My first machine was an Olivetti M24; I think it's still in a loft
somewhere.
Sarah has a blue single-USB iBook, running MacOS 9. It's called
bluebottle.
Work machines
I use lots of different systems at work, mostly suns of varying age
and power. The machines I care about are:
- durandal
-
Sparc Ultra10 - 450MHz Sparc64 processor, 768MB RAM. Originally
used mostly by Andreas for image processing and neural net stuff;
I sometimes use it for reconstruction jobs.
- anduin
-
Dual Intel P3-Coppermine/1GHz with 1GB dual-channel RAMBUS. Goes
pretty fast really. Runs NetBSD-current with sommerfeld_i386mp_1
branch patches. Used for image processing and reconstruction.
- mrweb
-
Elderly dell P3 450 refitted with a 120G Seagate and a completely
gratuitous 512MB of memory to run the MR groups website and
resources server.

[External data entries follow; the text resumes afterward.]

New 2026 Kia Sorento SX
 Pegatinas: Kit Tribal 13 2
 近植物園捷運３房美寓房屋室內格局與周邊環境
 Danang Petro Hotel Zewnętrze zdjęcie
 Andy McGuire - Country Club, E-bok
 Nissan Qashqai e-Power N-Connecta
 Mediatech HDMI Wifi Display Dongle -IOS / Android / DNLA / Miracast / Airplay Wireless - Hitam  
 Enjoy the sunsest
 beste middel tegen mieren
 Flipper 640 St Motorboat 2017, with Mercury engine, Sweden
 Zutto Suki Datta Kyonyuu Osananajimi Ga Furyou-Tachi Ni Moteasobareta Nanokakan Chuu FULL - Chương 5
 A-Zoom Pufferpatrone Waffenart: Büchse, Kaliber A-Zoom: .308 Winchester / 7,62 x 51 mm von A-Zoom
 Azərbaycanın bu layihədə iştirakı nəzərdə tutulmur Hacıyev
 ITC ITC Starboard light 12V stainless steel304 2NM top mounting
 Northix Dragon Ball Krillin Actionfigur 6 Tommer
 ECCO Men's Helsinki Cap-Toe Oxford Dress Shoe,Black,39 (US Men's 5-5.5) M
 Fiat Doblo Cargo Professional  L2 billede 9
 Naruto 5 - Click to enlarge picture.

Turns out to be the most solid and stable
machine around.
- hydra
-
Cluster: 6 rackmount machines, each with dual P4-Xeon 2GHz and 2GB
DDR. It's got some nice SCSI disks, GB ethernet backplane, and is
generally rather quick. Still haven't had time to do snazzy MPI
things with it and my image reconstruction code yet.